Wondering why the Centre “is hesitating to spell out its stand” on a plea seeking directions to regulate distribution of freebies by political parties using public money, the Supreme Court Tuesday asked it to consult the Finance Commission whether it is possible to check this by regulating allocation of revenue to states.
“Please find out from the Finance Commission,” Chief Justice of India N V Ramana, heading a three-judge bench hearing a petition that seeks directions to stop distribution of freebies since it is draining the exchequer, told Additional Solicitor General K M Nataraj after Senior Advocate Kapil Sibal suggested that the Finance Commission would be the appropriate body to do something on the issue.

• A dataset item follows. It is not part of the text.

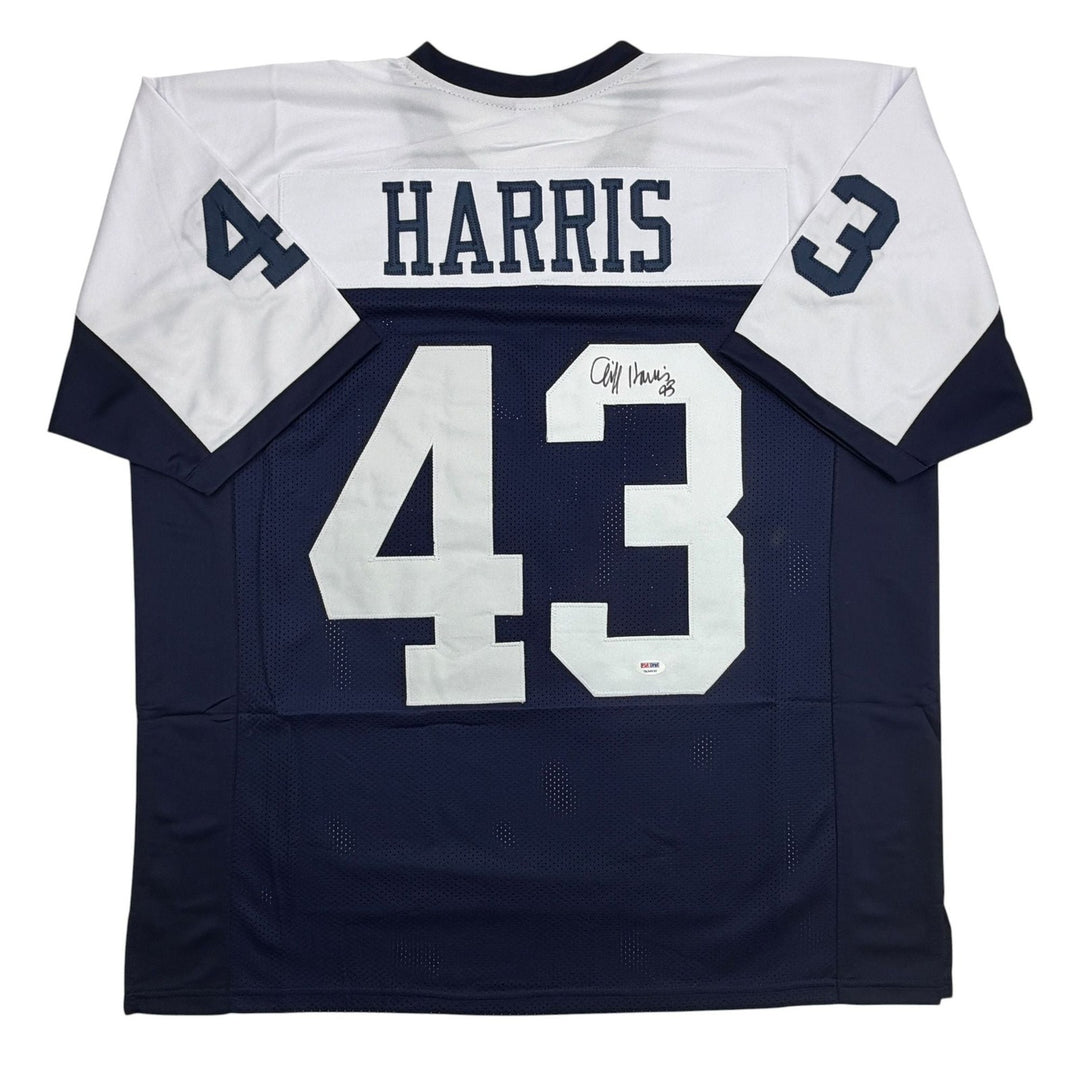 Autographed/Signed Cliff Harris Dallas Thanksgiving Football Jersey PSA/DNA COA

The bench, also comprising Justices Krishna Murari and Hima Kohli, said it will see to what extent it can or cannot intervene to stop political parties from distributing irrational freebies and asked the ASG to inform it, which authorities should be prodded to at least start a debate on the subject.
“Let us see. Primarily we will see if there is something which we can do or not. Next week, sometime, I will list. In the meanwhile, you just find out what/who is the authority where we can initiate a debate or something,” the CJI said.

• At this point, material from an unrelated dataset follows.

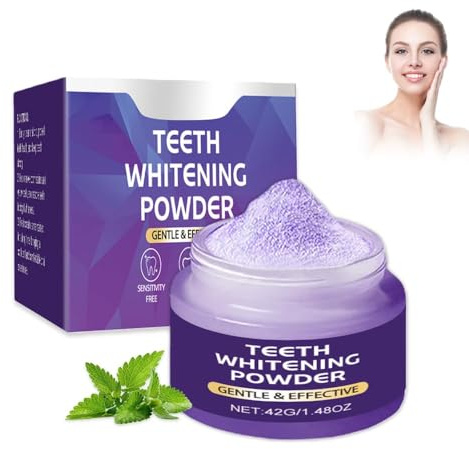 Blanqueador Dental Profesional,Polvo Blanqueador Dental,Eficaz Para Fortalecer Dientes y Encías,Teeth Whitening de Larga Duración,Suave Para Dientes Sensibles,Elimina Años de Manchas (Púrpura1227)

The Supreme Court had issued notice to the Centre and Election Commission of India on the plea by Advocate Ashwini Upadhyay in January this year.
Responding to the notice, the ECI said it has no power to regulate the same or take action against parties making such poll promises. In an affidavit, the poll body said “offering/distribution of any freebies either before or after election is a policy decision of the party concerned, and whether such policies are financially viable or its adverse effect on the economic health over the state is a question that has to be considered and decided by the voters… The Election Commission of India cannot regulate state policies and decisions which may be taken by the winning party when they form the government.”
The ‘revdi’ culture
Freebies like free power, monthly stipend to women are among promises made by parties and this is common to elections in state after state. Earlier this month, the PM said it’s time to stop this practice and called it the ‘revdi’ culture hurting the country, its development and well-being.
The Centre did not file any response in the matter.
A similar petition challenging freebies, filed by Pentapati Pulla Rao who contested as a candidate of the Janasena Party from Eluru Parliamentary constituency in Andhra Pradesh in 2019, has also been pending in the Supreme Court since 2019. In that matter too, while the ECI took a similar stand, the Centre is yet to file a response.
On Tuesday, during the hearing of the plea by Upadhyay, ASG Nataraj told the bench “these are issues to be dealt only by the ECI in appropriate proceedings depending on the facts. There can be no generality of the declaration as such. Now they are seeking a general declaration… from the court, which cannot be made.”
The CJI said, “Why don’t you put in writing that we have nothing to do, let ECI take a call?”.
When the ASG repeated that the ECI should decide depending on facts, the CJI said, “I am asking, does the Government of India feel it’s a serious issue or not?”
“No doubt, it’s a serious issue,” the ASG said, to which the CJI remarked, “I don’t understand… to spell out your stand, why are you hesitating?…You take a stand. Then we will decide whether these freebies can be continued or not.”
The ASD agreed to file a detailed counter affidavit.
Upadhyay urged the court to direct the Law Commission to come up with a report in the meanwhile on how to control freebies.
He said he does not agree with the ECI’s stand that it cannot do anything to control promises and distribution of freebies.
Pointing to the debt situation of various states, he said the country would be headed the Sri Lanka way if something is not done urgently.
“But here, the Government of India will control it,” the CJI said, pointing out that states cannot borrow as they wish without clearance from the Centre and RBI. He turned to Sibal who was present for another case and asked him “What is your view about these freebies?” and “How to control” it.
“It’s a serious matter. It’s truly serious. The solutions are very difficult, but the issue is extremely serious,” Sibal said. He said “the Finance Commission, when it makes allocations to various states, can take into account the debt of the state and in the context of that find out whether the state’s economy will be sustainable over the years in the context of the freebies… That’s a procedure that can be adopted. You can’t expect the Government of India to issue directions. That’s not possible.”
“But at least somebody has to think of a way,” the CJI said.
“Yes, so the Finance Commission is probably the appropriate authority to deal with it. That’s an independent body. Maybe, you should invite the Finance Commission to look into it,” suggested Sibal, following which the bench asked the ASG to check with the Commission and inform it.